You’d think that in 2025 the gender pay gap would be history. But the reality is very different. According to TruckingDive and recent national data, efforts to close the gap - including pay-transparency laws - haven’t delivered meaningful progress. The U.S. saw a small improvement between 2018 and 2022, but since then the momentum has stalled, leaving the gap stubbornly in place.

What the Numbers Actually Show

The current picture is clear: for every dollar a man earns, women take home about 83 cents. And the gap widens with age. By age 42, women earn just 72 cents for every dollar earned by men their age.

The burden grows even heavier for mothers. Women with children earn about 75 cents to the dollar compared with men, while women of color face an even sharper divide - earning around 64 cents for every dollar earned by fathers.

Meanwhile, fatherhood has the opposite effect for men. Fathers typically earn about 2% more than men without children - a reflection of long-standing workplace biases.

Women entering the job market today are closing the gap faster than previous generations, helped by transparency laws and more open salary discussions.

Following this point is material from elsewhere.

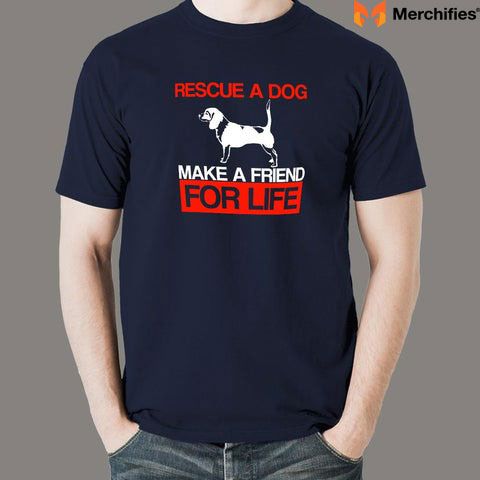 Beagle Rescue Shirts That Support Adoption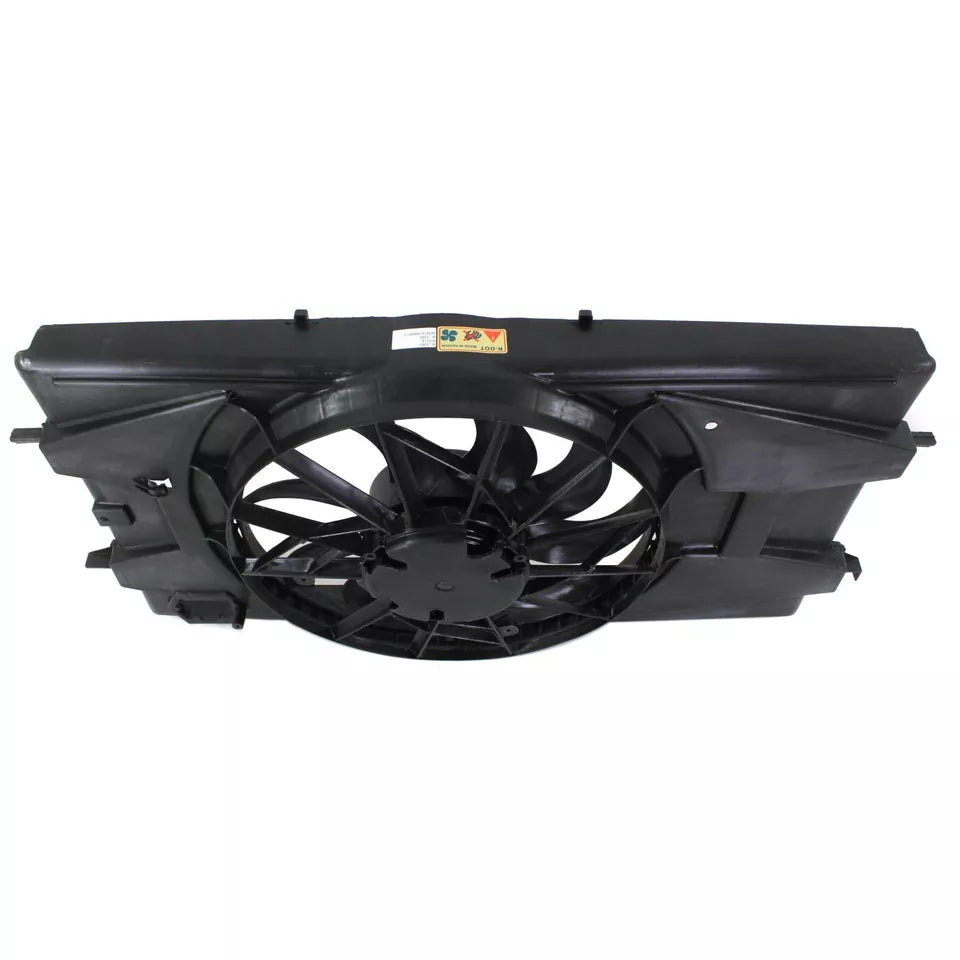 Radiator cooling fan assy 2005 - 2010 CHEVROLET COBALT  GM3115179 19417092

But for working mothers, women with limited flexibility, or those passed over for leadership roles, progress remains slow. Even additional education doesn’t guarantee equal pay. In many workplaces, the pipeline to leadership still favors men.

What It Will Take to Close the Gap

Meaningful solutions do exist - but they require consistent enforcement, not just legislation on paper. The Paycheck Fairness Act, introduced by U.S. Rep. Rosa DeLauro and U.S. Senator Patty Murray, aims to strengthen protections for women by empowering them to challenge pay discrimination and hold employers accountable.

The Act supports pay transparency, protects employees who discuss compensation, and prevents companies from using pay history in hiring decisions - a practice that often locks women into lower earnings over time.

Equal pay also benefits employers. Companies that compensate fairly report better retention, higher morale, and stronger long-term performance. Many women leave jobs not because of the workload or culture, but because they discover they’re being paid significantly less than their male counterparts.

The gender pay gap is both structural and historical - but it doesn’t have to be permanent. In 2025, equal pay should not be aspirational. It should be the standard. Pay should reflect skills, contributions, and performance - never gender. If businesses, lawmakers, and employees push in the same direction, the gap can finally begin to close.